Haha thanks and thanks!


----------



## DanMcG (Dec 1, 2019)

beautiful smoke ring, nice work Jake!


----------



## EaOutlaw1969 (Dec 1, 2019)

Looks great,like from me


----------



## Hawging It (Dec 1, 2019)

That is one awesome looking smoke ring.  The Chuck looks great.


----------



## cmayna (Dec 1, 2019)

Jake,
Looks fantastic.  What did you use for a smoker?  Any details on your recipe?  Yes, very nice ring indeed.


----------



## TNJAKE (Dec 1, 2019)

danmcg said:


> beautiful smoke ring, nice work Jake!


Thank you


----------



## TNJAKE (Dec 1, 2019)

EaOutlaw1969 said:


> Looks great,like from me


Thanks


----------



## TNJAKE (Dec 1, 2019)

Hawging It said:


> That is one awesome looking smoke ring.  The Chuck looks great.


Thanks!


----------



## RiversideSm0ker (Dec 1, 2019)

Looks yum!

G


----------



## TNJAKE (Dec 1, 2019)

cmayna said:


> Jake,
> Looks fantastic.  What did you use for a smoker?  Any details on your recipe?  Yes, very nice ring indeed.


Thanks. I used my Austin xl pellet smoker. Hickory pellets. 50/50 kosher salt and course black pepper. Mixed in some chipotle pepper powder. Smoked at 225 for about 6hrs. Rested for an hour wrapped in cooler


----------



## TNJAKE (Dec 1, 2019)

RiversideSm0ker said:


> Looks yum!
> 
> G


Thanks!


----------



## smokerjim (Dec 1, 2019)

looks delicous


----------



## TNJAKE (Dec 1, 2019)

Thanks. It's not a brisket but it did the trick


----------



## BuckeyeSteve (Dec 1, 2019)

Yum!


----------



## Sowsage (Dec 1, 2019)

Looks fantastic! Congrats on the carousel ride!


----------



## TNJAKE (Dec 1, 2019)

BuckeyeSteve said:


> Yum!


Tasty for sure thanks


----------



## TNJAKE (Dec 1, 2019)

Sowsage said:


> Looks fantastic! Congrats on the carousel ride!


Thanks lol


----------



## jcam222 (Dec 1, 2019)

Absolutely killer looking!! Pretty smoke ring and love the spices you used. Congrats on being featured!


----------



## TNJAKE (Dec 1, 2019)

jcam222 said:


> Absolutely killer looking!! Pretty smoke ring and love the spices you used. Congrats on being featured!
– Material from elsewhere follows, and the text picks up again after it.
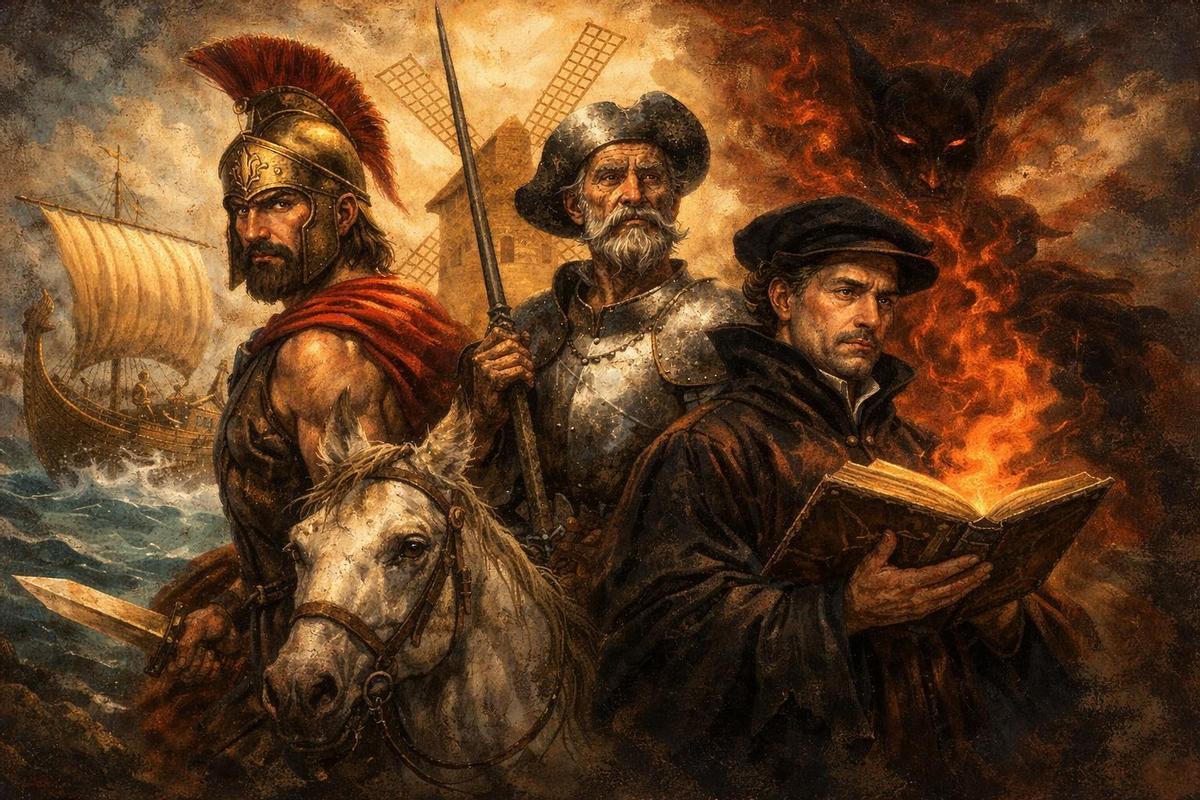 Algunos de los personajes principales de la literatura universal contemporánea, ilustrados con inteligencia artificial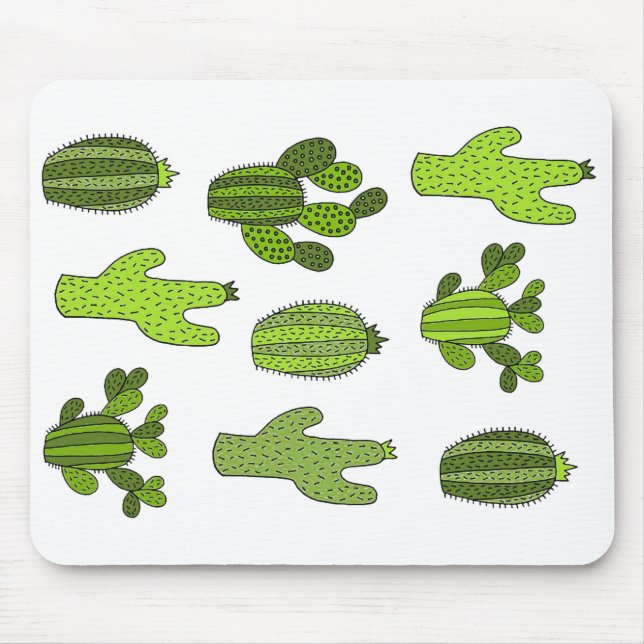 Cactus Plants, Botanical, Cute Cactus, Gardening Mouse Pad (Front)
Thanks bud I appreciate it. I'm not sure what you mean by being featured? Lol I'm new to the forum.


----------



## Brokenhandle (Dec 1, 2019)

Looks like a great smoke, love the smoke ring! I don't get them with my mes. By being featured they put your post on the carousel, it's an honor and they thought it should be showcased.  

Good job
Ryan


----------



## TNJAKE (Dec 1, 2019)

Brokenhandle said:


> Looks like a great smoke, love the smoke ring! I don't get them with my mes. By being featured they put your post on the carousel, it's an honor and they thought it should be showcased.
> 
> Good job
> Ryan


Oh wow that's awesome. I appreciate the comments. I used a pellet smoker on high smoke setting.


----------



## will work 4 bbq (Dec 1, 2019)

Looks delicious! I did one of these today as well but turned it into poor mans burnt ends. Congrats on the carousel ride.


----------



## HalfSmoked (Dec 2, 2019)

Looks great and a nice idea. A lot cheaper than a brisket.

Warren


----------



## Smokin' in AZ (Dec 2, 2019)

Great job, and congrats on the ride!

LIKE!

John


----------



## SmokinVOLfan (Dec 2, 2019)

Man that looks good! Killer smoke ring! Never tried a chuck like a brisket but you knocked it out of the park so will have to give it a go sometime. What temp did you pull it at?


----------



## TNJAKE (Dec 2, 2019)

will work 4 bbq said:


> Looks delicious! I did one of these today as well but turned it into poor mans burnt ends. Congrats on the carousel ride.


Thanks


----------



## TNJAKE (Dec 2, 2019)

HalfSmoked said:


> Looks great and a nice idea. A lot cheaper than a brisket.
> 
> Warren


Thanks


----------



## TNJAKE (Dec 2, 2019)

Smokin' in AZ said:


> Great job, and congrats on the ride!
> 
> LIKE!
> 
> John


Thank you


----------



## TNJAKE (Dec 2, 2019)

SmokinVOLfan said:


> Man that looks good! Killer smoke ring! Never tried a chuck like a brisket but you knocked it out of the park so will have to give it a go sometime. What temp did you pull it at?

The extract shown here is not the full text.